Dictionary of National Biography, 1885-1900/Hull, William Winstanley
HULL, WILLIAM WINSTANLEY (1794–1873), liturgical writer and hymnologist, born at Blackburn, Lancashire, in 1794, was son of John Hull, M.D. [q. v.] After attending Manchester and Macclesfield grammar schools, he was for a time a pupil of John Dawson of Sedbergh [q. v.], the mathematician. He was sent to Brasenose College, Oxford, in 1811; obtained a first class in classics at Michaelmas, 1814 ; spent some months abroad, and was elected a fellow of his college in 1816. He was called to the bar at Lincoln's Inn on 16 June 1820, and in the same year vacated his fellowship by marriage. But he was always interested in Oxford affairs, and maintained through life his intimacy with his Oxford friends, Whately, Sir John Taylor Coleridge, and Dr. Arnold. Many of Arnold's letters to him appear in Stanley's 'Life.' He gave up his practice at the chancery bar in 1846, and left London for Tickwood, near Wenlock, Shropshire.
Hull was an active member of the evangelical school of churchmen. He especially interested himself in liturgical reform. In 1828 he published `An Inquiry concerning the Means and Expedience of proposing and making any Changes in the Canons, Articles, and Liturgy, or in any of the Laws affecting the interests of the Church of England,' In 1831 appeared his learned pamphlet, entitled `The Disuse of the Athanasian Creed advisable in the present state of the United Church of England and Ireland.' A petition praying for the revision of the liturgy was drawn up by Hull and his brother, the Rev. John Hull, and presented to the House of Lords by Archbishop Whately on 26 May 1840. Perhaps the most interesting of his liturgical researches is the `Inquiry after the original Books of Common Prayer,' in his `Occasional Papers on Church Matters,' 1848. Hull had searched in vain for the manuscript copy of the Book of Common Prayer, originally attached to the Act of Uniformity of 1662, and known to exist as late as 1819. Dean Stanley, following Hull's suggestion, afterwards found the manuscript at Westminster. Hull opposed the tractarian movement, and actively supported Dr. (afterwards Bishop) Hampden [q.v.], defending him in a pamphlet issued in 1836. But his sense of justice made him averse to the proceedings against William George Ward [q.v.] in 1845, and he wrote `The Month of January. Oxford' (which reached a second edition), strongly pressing the rejection of the three measures proposed in convocation on 18 Feb. 1845. A high tory and ultra-protestant, Hull joined Sir Robert Inglis's committee formed in 1829 to oppose the return of Mr. (afterwards Sir Robert) Peel as M.P. for Oxford University. He resisted the admission of Roman catholics or Jews to parliament, in a pamphlet entitled `A Statement of some Reasons for continuing to Protestants the whole Legislature of Great Britain and Ireland,' 1829.
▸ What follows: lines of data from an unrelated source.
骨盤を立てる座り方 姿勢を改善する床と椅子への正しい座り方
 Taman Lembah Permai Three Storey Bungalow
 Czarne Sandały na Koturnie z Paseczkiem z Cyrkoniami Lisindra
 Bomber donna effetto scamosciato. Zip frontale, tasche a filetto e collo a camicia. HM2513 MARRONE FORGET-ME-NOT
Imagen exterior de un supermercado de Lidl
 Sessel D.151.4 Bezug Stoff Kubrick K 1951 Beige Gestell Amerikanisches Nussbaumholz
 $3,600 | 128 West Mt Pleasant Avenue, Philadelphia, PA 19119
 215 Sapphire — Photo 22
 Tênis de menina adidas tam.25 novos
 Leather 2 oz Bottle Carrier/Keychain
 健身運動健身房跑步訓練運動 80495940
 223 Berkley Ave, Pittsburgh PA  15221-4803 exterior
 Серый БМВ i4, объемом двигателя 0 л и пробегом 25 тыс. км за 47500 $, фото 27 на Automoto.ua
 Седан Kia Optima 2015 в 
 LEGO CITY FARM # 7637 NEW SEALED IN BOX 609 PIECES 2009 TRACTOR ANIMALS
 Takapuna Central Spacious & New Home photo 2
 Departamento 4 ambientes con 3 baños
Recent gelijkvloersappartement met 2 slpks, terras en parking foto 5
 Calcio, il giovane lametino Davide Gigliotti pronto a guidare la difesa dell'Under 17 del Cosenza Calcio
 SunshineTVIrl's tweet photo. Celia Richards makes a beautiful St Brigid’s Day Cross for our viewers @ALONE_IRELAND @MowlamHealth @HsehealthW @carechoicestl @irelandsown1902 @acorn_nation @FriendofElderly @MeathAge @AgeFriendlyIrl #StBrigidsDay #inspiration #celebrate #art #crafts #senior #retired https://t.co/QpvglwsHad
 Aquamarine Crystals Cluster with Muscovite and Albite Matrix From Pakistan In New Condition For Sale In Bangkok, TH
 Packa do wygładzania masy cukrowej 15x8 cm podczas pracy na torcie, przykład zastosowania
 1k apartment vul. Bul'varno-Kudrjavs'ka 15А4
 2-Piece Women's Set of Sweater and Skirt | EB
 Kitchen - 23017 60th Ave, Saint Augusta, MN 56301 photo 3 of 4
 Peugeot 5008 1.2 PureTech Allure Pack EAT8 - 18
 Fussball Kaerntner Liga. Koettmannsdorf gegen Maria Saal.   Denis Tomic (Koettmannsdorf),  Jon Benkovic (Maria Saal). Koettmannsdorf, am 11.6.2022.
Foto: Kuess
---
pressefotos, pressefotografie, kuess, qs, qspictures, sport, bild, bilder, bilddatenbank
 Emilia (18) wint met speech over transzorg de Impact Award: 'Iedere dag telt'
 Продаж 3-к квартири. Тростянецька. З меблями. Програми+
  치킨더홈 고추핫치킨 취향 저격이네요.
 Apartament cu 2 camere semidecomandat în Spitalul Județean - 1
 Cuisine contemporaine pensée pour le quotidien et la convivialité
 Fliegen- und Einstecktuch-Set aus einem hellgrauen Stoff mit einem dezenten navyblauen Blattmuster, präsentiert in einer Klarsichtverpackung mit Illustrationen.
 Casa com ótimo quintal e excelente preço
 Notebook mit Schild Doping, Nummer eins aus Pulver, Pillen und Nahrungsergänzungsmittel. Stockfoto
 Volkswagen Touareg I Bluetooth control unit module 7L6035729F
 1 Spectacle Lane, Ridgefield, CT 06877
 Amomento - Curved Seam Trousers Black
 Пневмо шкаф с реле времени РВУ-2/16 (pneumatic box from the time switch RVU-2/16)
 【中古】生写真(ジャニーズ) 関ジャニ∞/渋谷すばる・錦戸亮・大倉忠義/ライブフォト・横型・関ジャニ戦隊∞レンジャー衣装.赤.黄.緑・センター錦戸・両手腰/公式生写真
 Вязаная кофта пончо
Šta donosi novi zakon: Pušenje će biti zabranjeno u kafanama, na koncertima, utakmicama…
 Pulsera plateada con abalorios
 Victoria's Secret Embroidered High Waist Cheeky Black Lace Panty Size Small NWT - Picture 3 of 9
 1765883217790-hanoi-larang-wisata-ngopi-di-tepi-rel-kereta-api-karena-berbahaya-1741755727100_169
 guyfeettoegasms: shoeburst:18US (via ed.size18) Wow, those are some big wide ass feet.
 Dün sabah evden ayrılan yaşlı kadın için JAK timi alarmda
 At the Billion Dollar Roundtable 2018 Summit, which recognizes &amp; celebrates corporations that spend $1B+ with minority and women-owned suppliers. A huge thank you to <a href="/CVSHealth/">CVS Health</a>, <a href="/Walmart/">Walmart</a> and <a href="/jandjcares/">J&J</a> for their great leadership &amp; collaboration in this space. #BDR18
Hull was an early pioneer in the cause of improved hymnology, and published anonymously in 1827 and 1832 two books of original prayers and hymns (besides a collection of 209 hymns from various sources), which were republished with his name on the title-page in 1852, under the title, 'A Collection of Prayers for Household Use, with some Hymns and other Poems.'
During the last years of his life at the Knowle, Hazlewood, Derbyshire, he actively supported Lord Ebury's movement for liturgical reform. He died at the Knowle on 28 Aug. 1873. He was three times married, in 1820, 1850, and 1861, and left a family by each wife.
[Manchester School Register, ed. J.F.Smith (Chetham Soc.), iii. 37, 289; Julian's Dict. of Hymnology; family information; personal knowledge.]